Like discovery, motion practice as we now know it, is not very sustainable either. Motion practice can be a useful tool used to streamline litigation and narrow the issues. Still, within the parameters of civil procedure, it can be a time consuming and costly part of litigation. Often, its purposes can be accomplished by adopting the practice of transparency that is inherent in the nature of Collaborative Practice.

Consider this alternative: Once an initial legal analysis is done, some very open and transparent exchanges of positions and legal arguments between the lawyers can and should take place. Assuming both lawyers assess the case well, they can agree to be open and transparent about their clients’ respective claims and legal positions. This can be helpful in crystallizing both the basis for and the focus of the negotiation and can move the parties to the negotiating table sooner. 

Mutual recognition of the merits of one party’s claims and the other party’s counters or defenses can be accomplished by an exchange of memorandum-styled letters between the lawyers and a subsequent face-to-face meeting of the lawyers involved. One party presents its case and the legal and factual basis for it. The other party responds, and either advised the first party of the weaknesses or holes in the legal positions advanced or the strength of the defenses. They also exchange the factual arguments of each side, as the lawyers know them to be. They can provide each other with relevant documentation in support of their positions when they meet, all within the parameters of settlement negotiations. This process and exchange of supporting documentation can take the place of the typical demand letter from one side and usual positional response from the other side. But instead of setting the stage for a negotiation about the dollar amount of the settlement, these are setting the stage for the determination of whether a case is a good candidate for early ADR.

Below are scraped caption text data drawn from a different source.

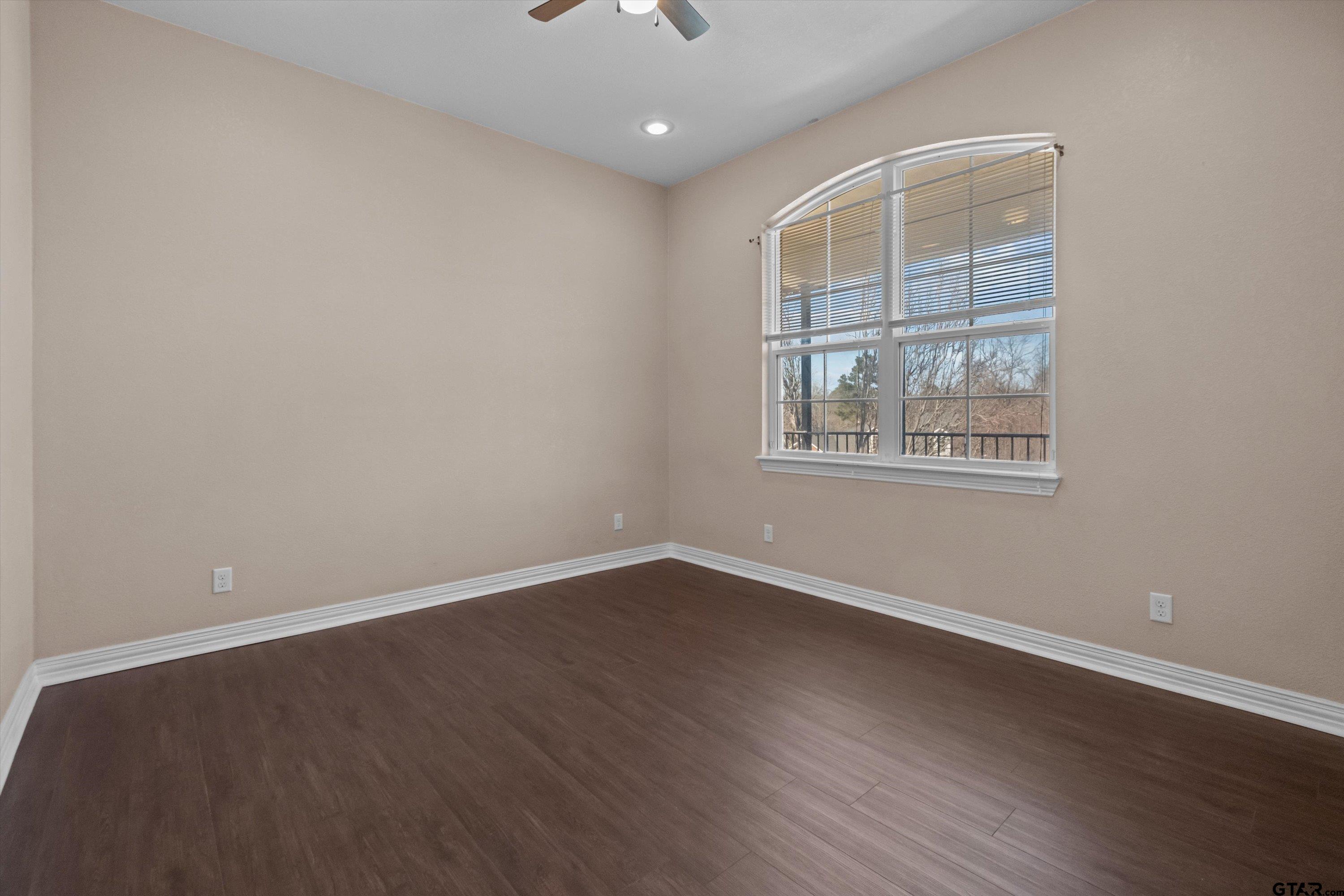 303 Cameron St, Whitehouse, Texas image 21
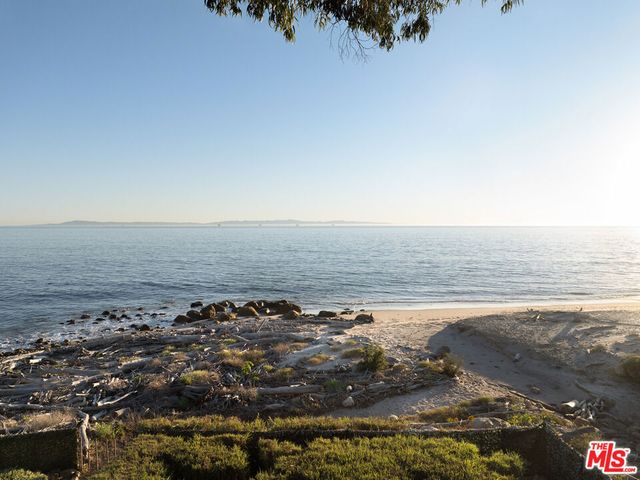 2937 Padaro Lane, Carpinteria, CA 93013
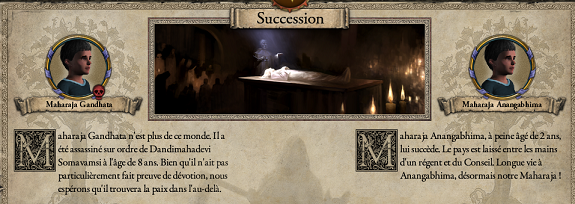 In-122.png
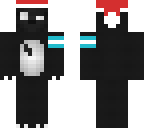 senioralets
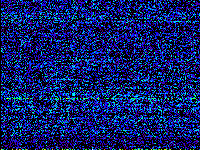 No data: 16-17 UT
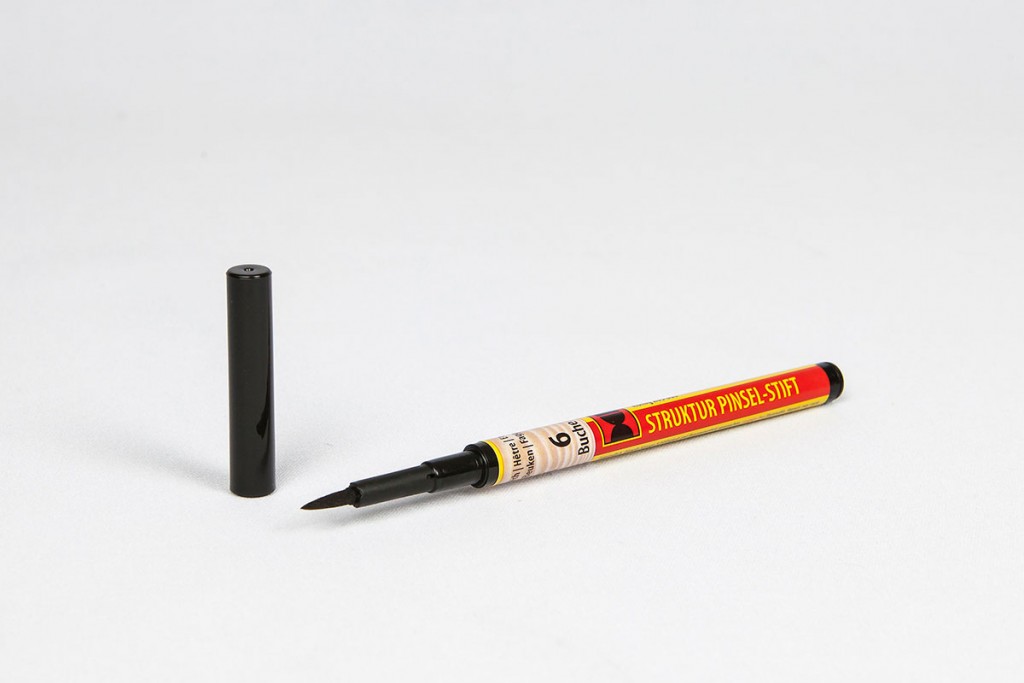 REMARCADOR VETA MADERA K205-S00-112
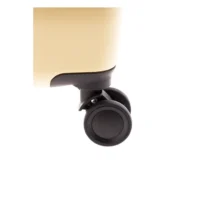 compra maleta cabina barata gladiator magic amarillo 1 compra maleta cabina barata gladiator magic amarillo 1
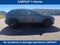 2024 Mazda Mazda CX-30 2.5 S Carbon Edition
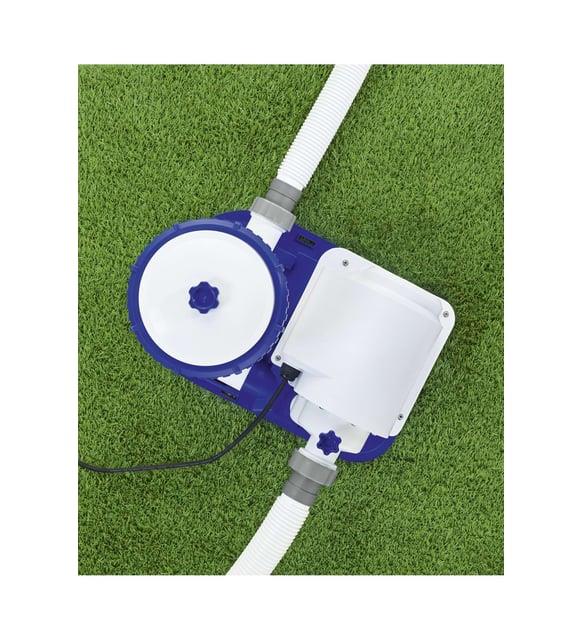 BESTWAY Devirdaim Motoru 9463lt 58391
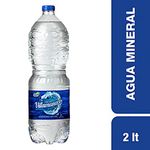 VILLAMANAOS-AGUA-MINERAL-X2L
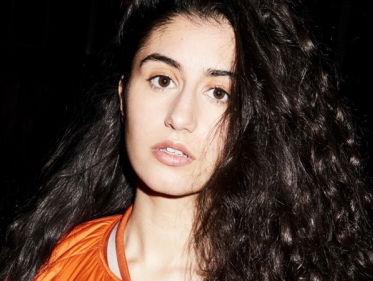 Festivalnieuws! Pinkpop, ADE, en een festival in de Alpen?! | Festival Update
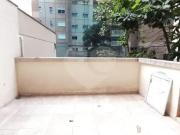 Apartamento com 2 quartos Ã venda ou para locaÃ§Ã£o em...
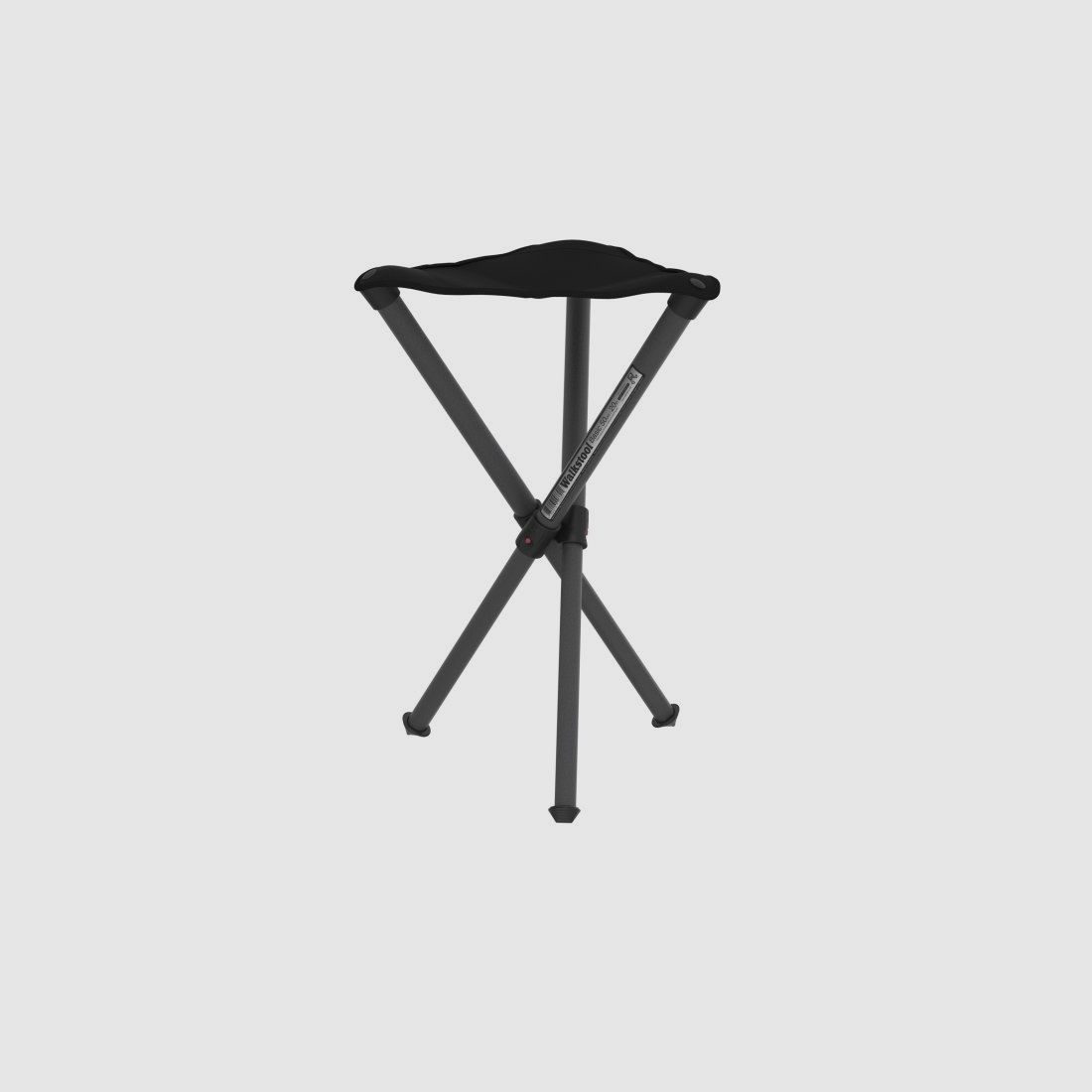 Walkstool Basic/50 cm tabouret de camping, image 1 sur 3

For a case to be a good candidate for Collaborative Law or mediation, both parties must have some colorable and valid legal and factual arguments. If one or the other does not have a strong claim or a strong defense, using Collaborative Law or early mediation is probably not warranted. It may sound counterintuitive at first, but it is the strength of the two parties’ respective legal positions that earns each of them the right to sit at the interest-based negotiating table. If one party essentially has no claim or no case, Collaborative practitioners should not be wasting their time and risking damaging the legitimacy of the Collaborative Law movement by suggesting using Collaborative Law. They provide the client value by doing a thorough initial assessing of the claims, advising the client that he or she has no viable claim and respectfully urging the client to invest his or her time, energy, emotions and money in something more productive.

As a community, by making the existence of a strong claim a pre-requisite, Collaborative lawyers help maintain their integrity and credibility such that when one of us approaches another lawyer with a case and suggests that a collaborative process be used to resolve it, the other lawyer can assume that the case has merit because a collaborative lawyer brought it forward.